Fancy a lazy canter down Paris' Avenue des Champs-Élysées?
That's what yellow jersey-wearing Carlos Sastre will have been dreaming of last night and, barring a hugely unlikely mishap, that's what will happen this afternoon as the 2008 Tour de France draws to a close in Paris.
The largely symbolic stage 21 from Etampes to the French capital may see some frenzied sprint attacks as a herd of proud cyclists try to put their name in lights - but nothing should jeopardise the Spaniard's position on top of the podium such are the last day customs of the world's greatest race.
Given all that, today is surely the perfect time for us to reflect on subsequently debate just where the Tour de France as a sporting entity stands at this point in time given the flood of controversy from which it has been unable to escape in recent years.
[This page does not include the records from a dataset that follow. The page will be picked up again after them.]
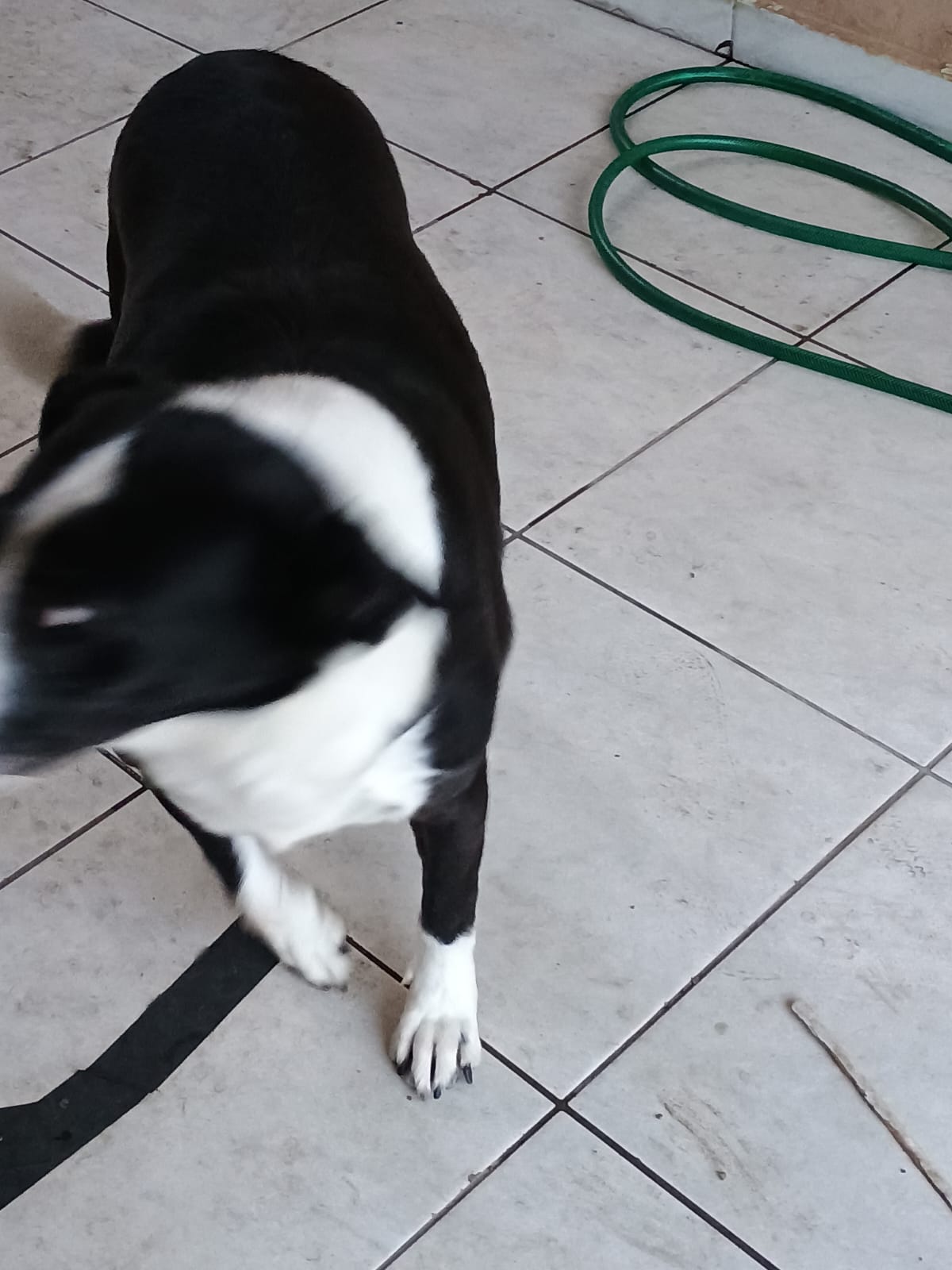 Portal Adocão Estou doando cachorra  Curitiba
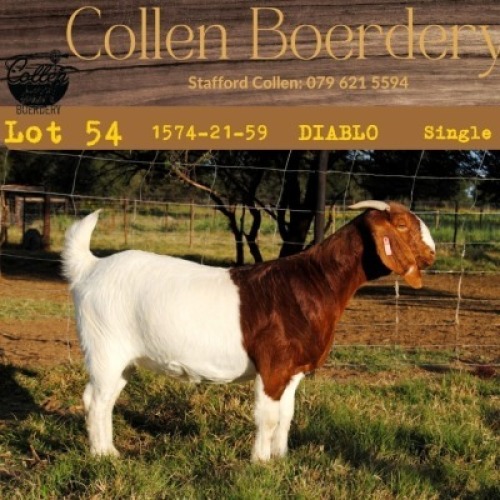 1X BOERBOK OOI/EWE COLLEN BOERBOK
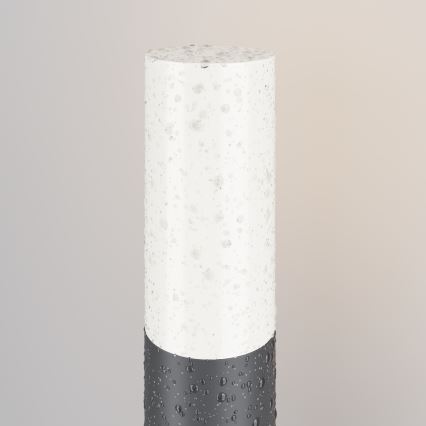 Maytoni O418FL-01GR - Lámpara de exterior WILLIS 1xE27/60W/230V 30 cm IP54 antracita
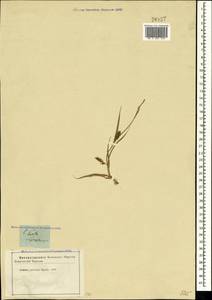 Carex hirta L., Crimea (KRYM) (Russia)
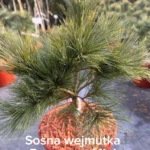 copy d5d6b114 8210 4930 a88b 822ab9780eae scaled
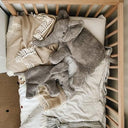 Senger Naturwelt ゼンガーナチュウェルト Cuddly Animal Elephant ゾウ チェリーピロー Sサイズ Y21054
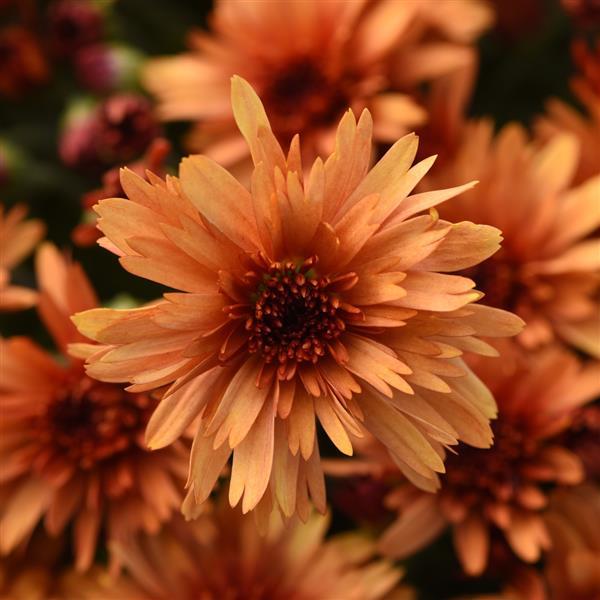 Carousel Glimmer Orange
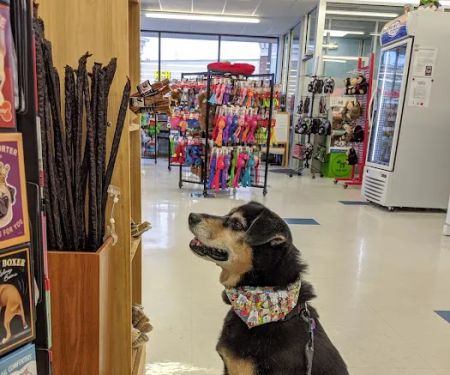 Weber's Pet Supermarket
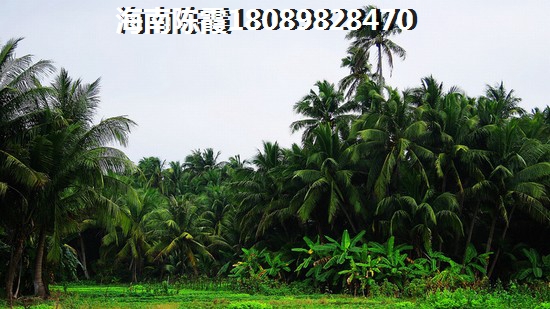 临高买房理由 临高买房理由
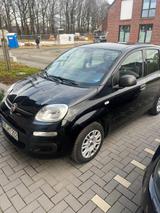 Fiat New Panda 1.2 8V EASY EASY - Fiat New Panda von privat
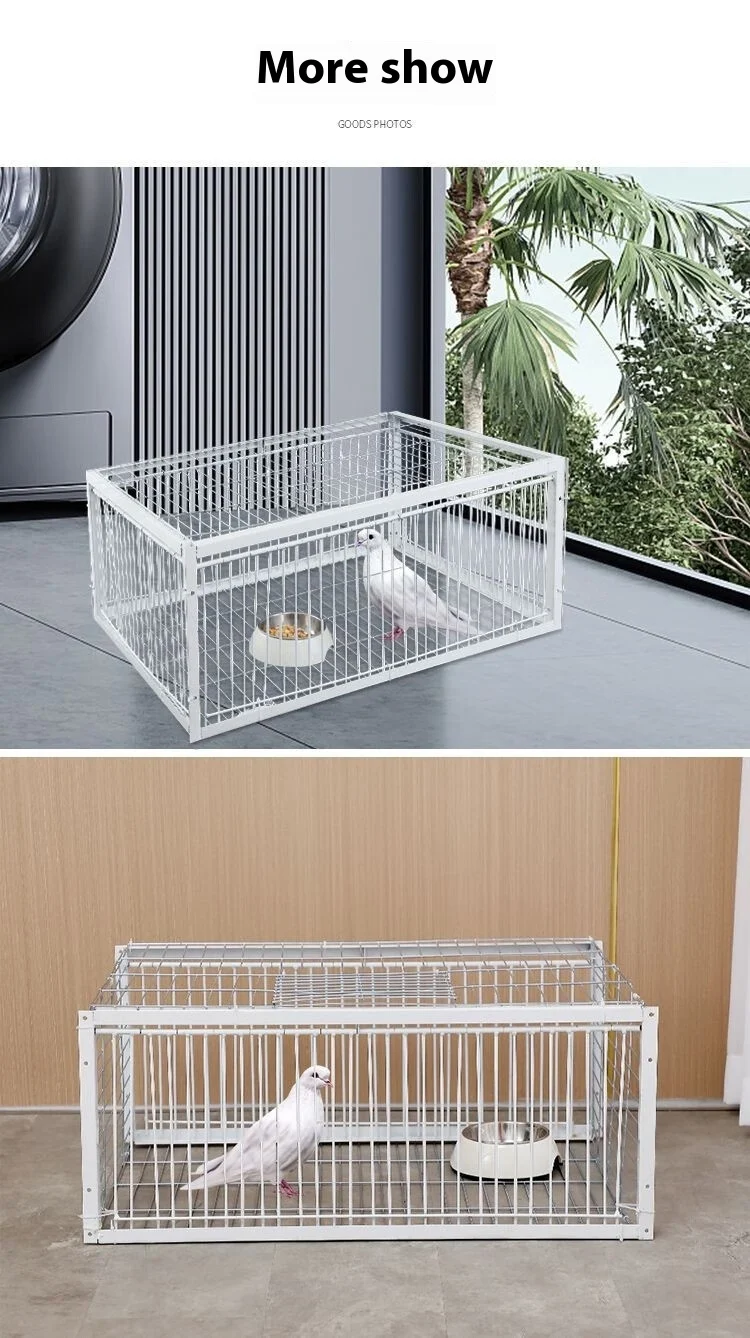 Pigeon Active Network Door Encrypted Return Cage. Secure, efficient pigeon return with active network and encryption, en — photo 9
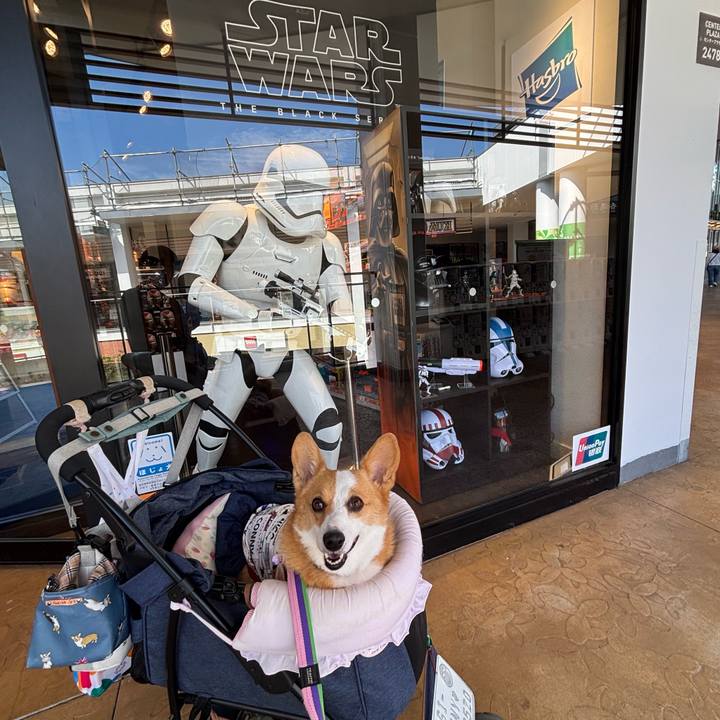 B1a8b4bc d9be 4f92 bf35 557eeeb88ce4 1760759109368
Some commentators I heard after stage 20 was completed yesterday said that not witnessing anything sensational in 2008 was a good thing: i.e. it could indicate that it's been a relatively clean event.
Do you sense renewed hope that the tide has turned?...
Another angle to reflect on is the continued emergence of more talented young riders on this year's Tour, who have again combining to block out the sun for some of the sport's more established names.
Britain's Mark Cavendish, a four-time winner in the sprints, and Luxembourg's white jersey-wearing Andy Schleck are the two obvious names that spring immediately to mind.
Care to mention any others?...
Today marks the last 143km of a gruelling 3,559km and it's a day for celebration. So sit back, relax - GET INVOLVED - and enjoy.